La France pressée d’agir au Tchad sur le cas Succès Masra
11 juillet 2025Depuis l'arrestation de l'opposant Succès Masra le 16 mai dernier, plusieurs démarches ont été entreprises par ses avocats français en vue de sa libération, mais sans résultat. Parmi ces actions figurent la saisine du Haut-Commissariat des Nations unies aux droits de l'homme, ainsi que celle de la sous-commission des droits de l'homme du Parlement européen, sans oublier l'interpellation du président français Emmanuel Macron.
Pour les avocats et les partisans de Succès Masra, il apparaît que la justice du Tchad éprouve des difficultés en matière d'indépendance et d'impartialité dans ce dossier.

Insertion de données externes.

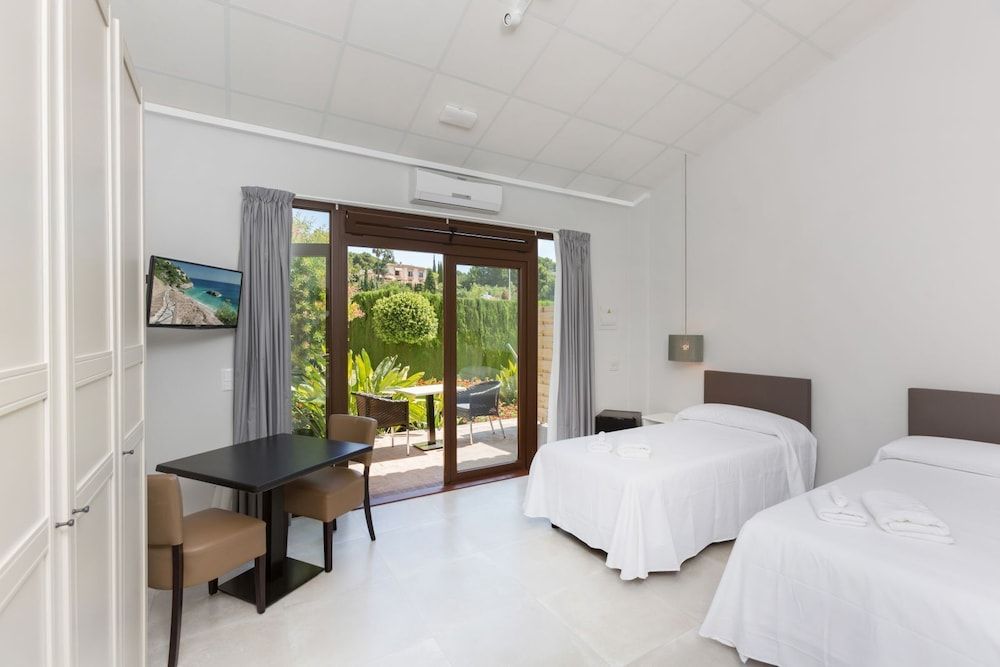 Comfort Room, Garden View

L'activiste des droits humains Enock Mberbé, estime, lui, que la France, ayant joué un rôle clé dans l'accession au pouvoir deMahamat Idriss Déby Itno, est la seule capable de faire entendre raison à ce dernier.
"Ces avocats savent que les autorités tchadiennes ne peuvent écouter que le Maître. Je trouve logique leur démarche. Nous appelons les autorités à revenir à de meilleurs sentiments. En politique il n'y a que des adversaires, il n'y a pas d'ennemis. Aujourd'hui au sein même du parti au pouvoir certains appellent les autorités à de meilleurs sentiments. Ça ne sert à rien de continuer à garder l'ancien Premier ministre Succès Masra."
Silence de Paris ?
Mais pour l’analyste politique Docteur Yamingué Betinbaye, le silence de Paris sur ce dossier peut s'expliquer par la détérioration récente des relations entre la France et le Tchad.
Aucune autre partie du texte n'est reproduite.